(Items from a data source)
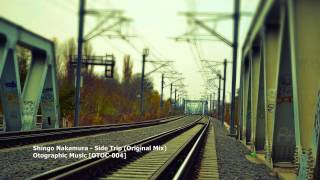 Shingo Nakamura - Side Trip (Original Mix)[OTOC004] Resimi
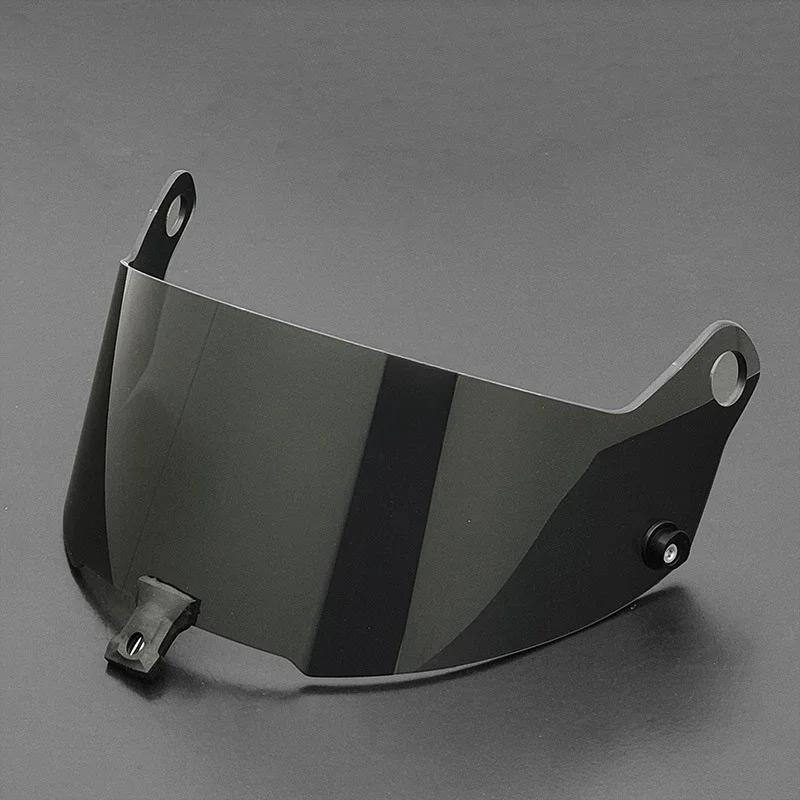 Helmet Visor for STILO ST5 Helmet Lens Anti-Fog Scratch Resistant UV400 Day Night Use Photochromic Motorcycle Visor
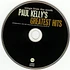 Paul Kelly - Songs From The South - Paul Kelly's Greatest Hits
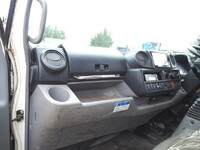 HINO Dutro Truck (With 4 Steps Of Cranes) TKG-XZU695M 2015 88,689km_31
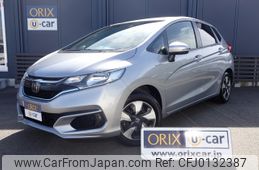 honda fit 2019 -HONDA--Fit DAA-GP5--GP5-3421917---HONDA--Fit DAA-GP5--GP5-3421917-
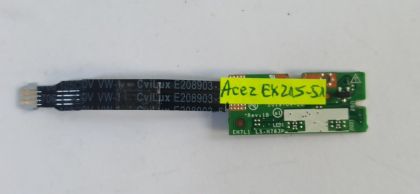 Sensor Board w/Cable (датчик на Хол) за Acer Aspire A315-56-594W 15.6"  LS-H783P  Extensa EX215-51 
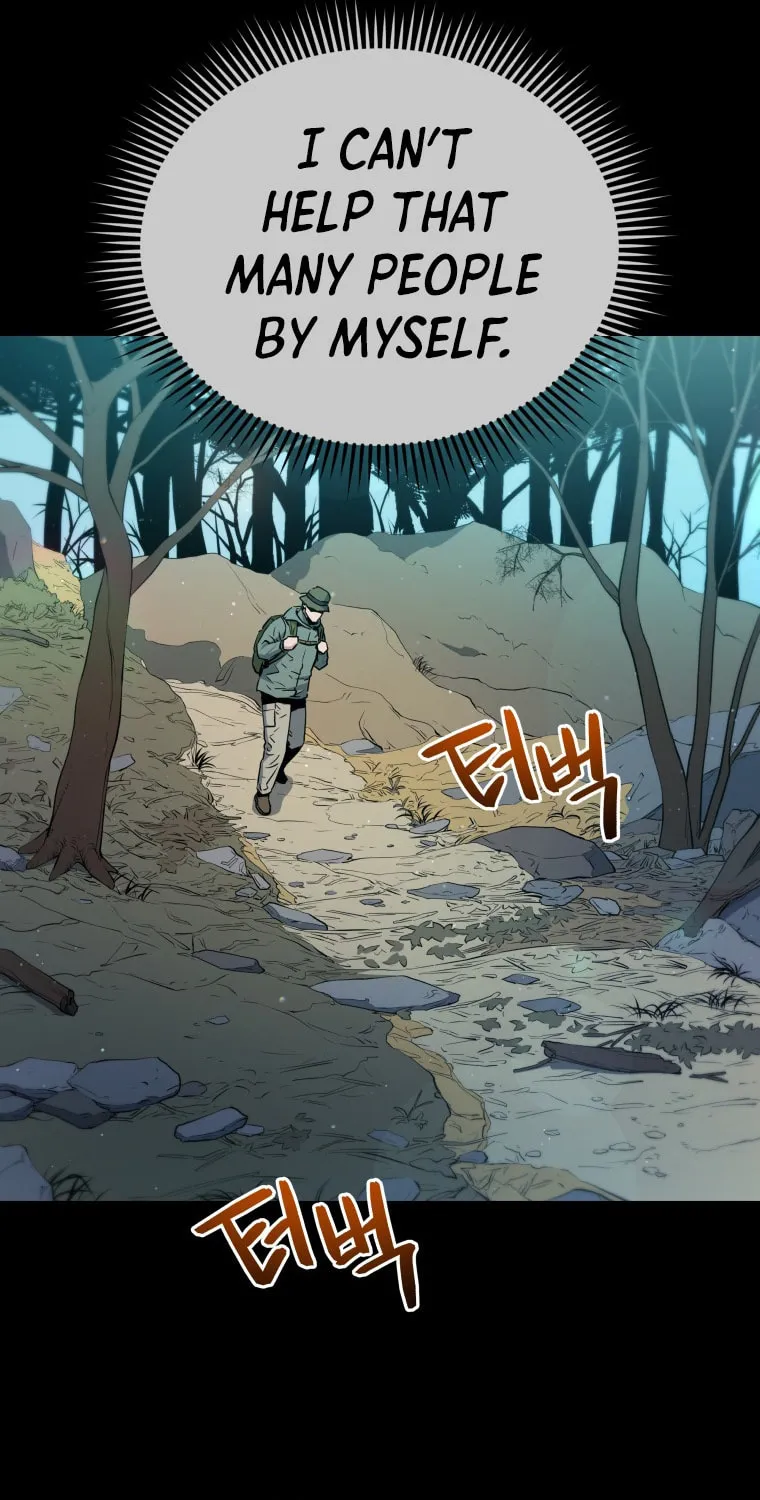 Read Rescue System chapter 14 image 13 on Lezhin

§ WORK INSTRUCTION: Please give back an exact copy of the entries above from their first line through the line containing "honda fit 2019", leaving the pictures aside.

§ FINISHED TASK:
 Shingo Nakamura - Side Trip (Original Mix)[OTOC004] Resimi
 Helmet Visor for STILO ST5 Helmet Lens Anti-Fog Scratch Resistant UV400 Day Night Use Photochromic Motorcycle Visor
 Paul Kelly - Songs From The South - Paul Kelly's Greatest Hits
 HINO Dutro Truck (With 4 Steps Of Cranes) TKG-XZU695M 2015 88,689km_31
 honda fit 2019 -HONDA--Fit DAA-GP5--GP5-3421917---HONDA--Fit DAA-GP5--GP5-3421917-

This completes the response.